When the 2 cars are on the bridge by the port, the front car stops at an angle. When the man gets out of the car to shoot, the car is now straight, later it is shown back at the angle again.
When the girls' father sits on his bed to talk to them, he loosens his tie, but leaves it knotted. When Lisbeth leads her sister away and he gets up and follows, the tie is completely undone and hanging down his shirt. In the next sequence however, his tie is once again just loosened and still knotted.
The tyres on the Ducati change from road tyres to off road tyres (and stay that way) after the leap off the wharf.
Two vehicles drive on to the bridge at the port. After the mid-section is raised one car drives away. There are no tyre tracks visible from their arrival.
The notion of a program that cannot be copied but only moved makes little sense.
A file move operation reads the file from the source location and creates a copy at the destination location. It then marks the original file for deletion by the operating system on the source computer. The computer that is doing the copying cannot force the source computer to delete the file, only mark it as such.
The computer that is holding the source file has no control over the computer that is writing the copy of the file to the destination location, It cannot force the destination computer to erase its copy if the deletion of the original file fails.
The notion that only one copy of a program can exist is possible if all of the involved computers have software that can control the copy, such that it will not finalize the copy until the source location is securely erased, this is often classed as Digital Rights Management software.
In the context of the film transferring a file across many computers, where each one would not be under the scope of such DRM software means any one of those servers could have taken a copy and the notion a file can only exist in one place and a second copy cannot be created is not possible.
A file move operation reads the file from the source location and creates a copy at the destination location. It then marks the original file for deletion by the operating system on the source computer. The computer that is doing the copying cannot force the source computer to delete the file, only mark it as such.
The computer that is holding the source file has no control over the computer that is writing the copy of the file to the destination location, It cannot force the destination computer to erase its copy if the deletion of the original file fails.
The notion that only one copy of a program can exist is possible if all of the involved computers have software that can control the copy, such that it will not finalize the copy until the source location is securely erased, this is often classed as Digital Rights Management software.
In the context of the film transferring a file across many computers, where each one would not be under the scope of such DRM software means any one of those servers could have taken a copy and the notion a file can only exist in one place and a second copy cannot be created is not possible.
In the window of the Swedish Security Service the abbreviation reads "SAPO". The correct abbreviation is "SÄPO" which comes from Säkerhetspolisen.
At minute 55 Lisbeth jumps her Volvo S60 back onto the motorway and one of the car's left side hub caps flies off. Soon after when she slides to a stop on the bridge it is miraculously back in place.
At the end of the movie, Mikael writes his article on a German layout keyboard, despite his office being located in Stockholm, Sweden.
In reality there are no outside elevators on the two office towers where Lisbeth first contacts Mikael in this movie. The towers are located on Kungsgatan, Stockholm.

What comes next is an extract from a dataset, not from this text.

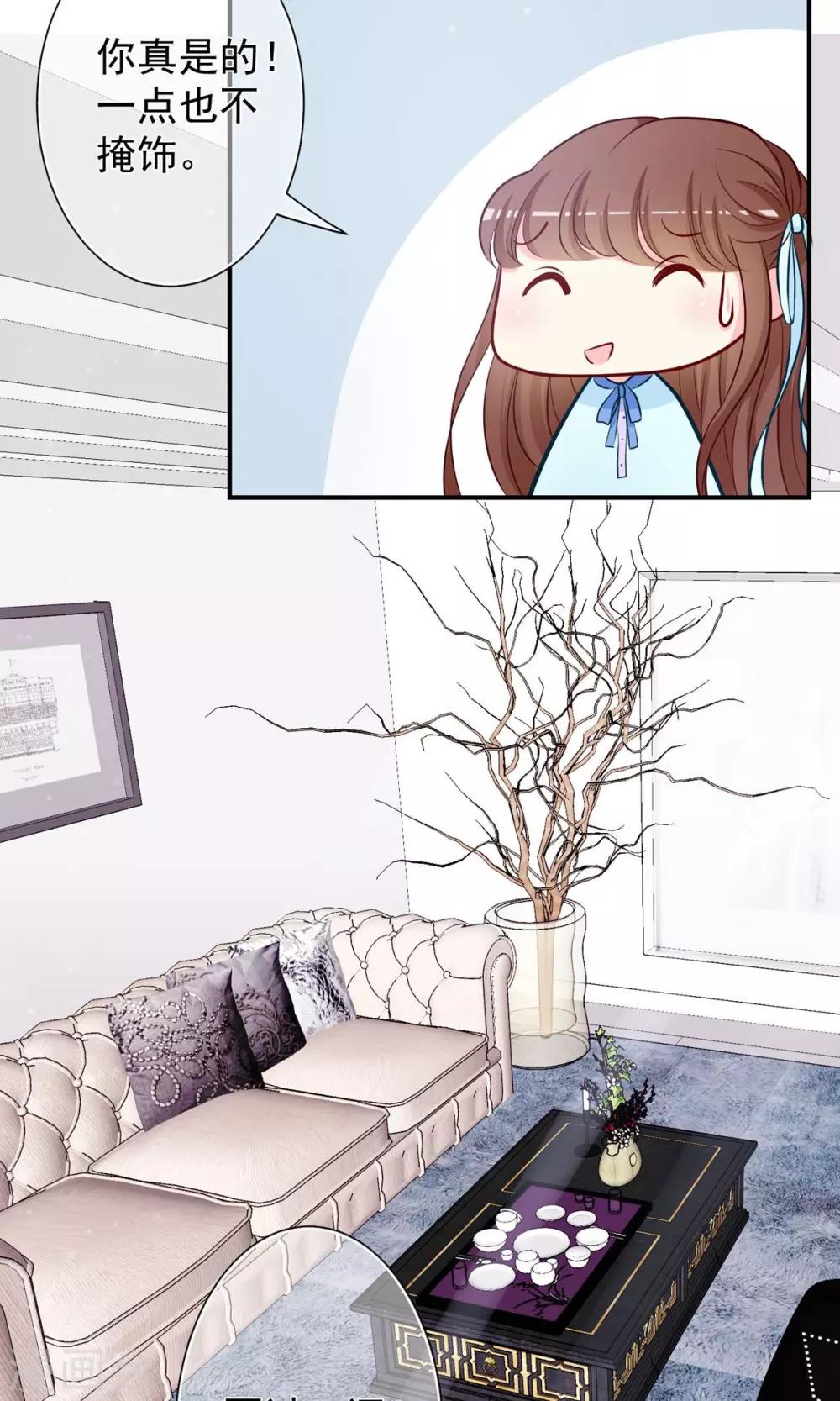 第26话 认清心意！-第27话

The villains kill Balder and kidnap his son August along with the program they are after. At that point, they have absolutely no idea that August would be able to open the program for them. It would make more logical sense to take the creator of the program to help them get into it rather than kill him and hope that some other character could.
Lisbeth is one of the world's best hackers. She would not hack the US computers in such a way as to allow them to so easily identify her location.

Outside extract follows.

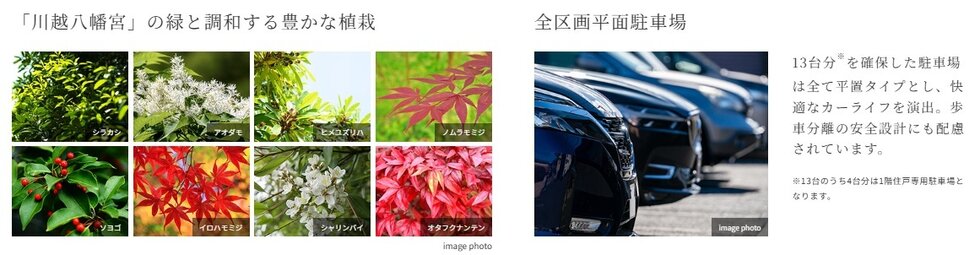 ファインレジデンス川越八幡通り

In the previous movie it was stated that Lisbeth set her dad on fire as a child crippling him severely. Yet Lisbeth's sister said she was molested for 16 years.
This creates a continuity error. Lisbeth could have run off and then set her father on fire after finding out he abused her mother but it still doesn't align very nicely with the previous story.

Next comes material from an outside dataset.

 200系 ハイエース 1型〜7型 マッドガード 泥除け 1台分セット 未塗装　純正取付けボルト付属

Lisbeth would eventually be in prison serving a long sentence.
Although Claire Foy worked with a linguistics coach to perfect her Swedish accent, her accent is a mix of Danish and German, and bares little to no resemblance to Swedish. The vast majority of her co-stars speak with a convincing Swedish accent.
A losing chess player does not knock their king over after checkmate. Knocking the king over indicates resignation and is done before the game reaches checkmate, not after.
The story mostly takes place in Stockholm, Sweden. Yet, the only language spoken in the film is English. It is known that over 40 % of the city's population has an immigrant background but majority of them has some other language as a mother tongue than English. Also, some of the movie's characters are from other countries but they speak English all the time. During the entire film only a couple of words are said in Swedish.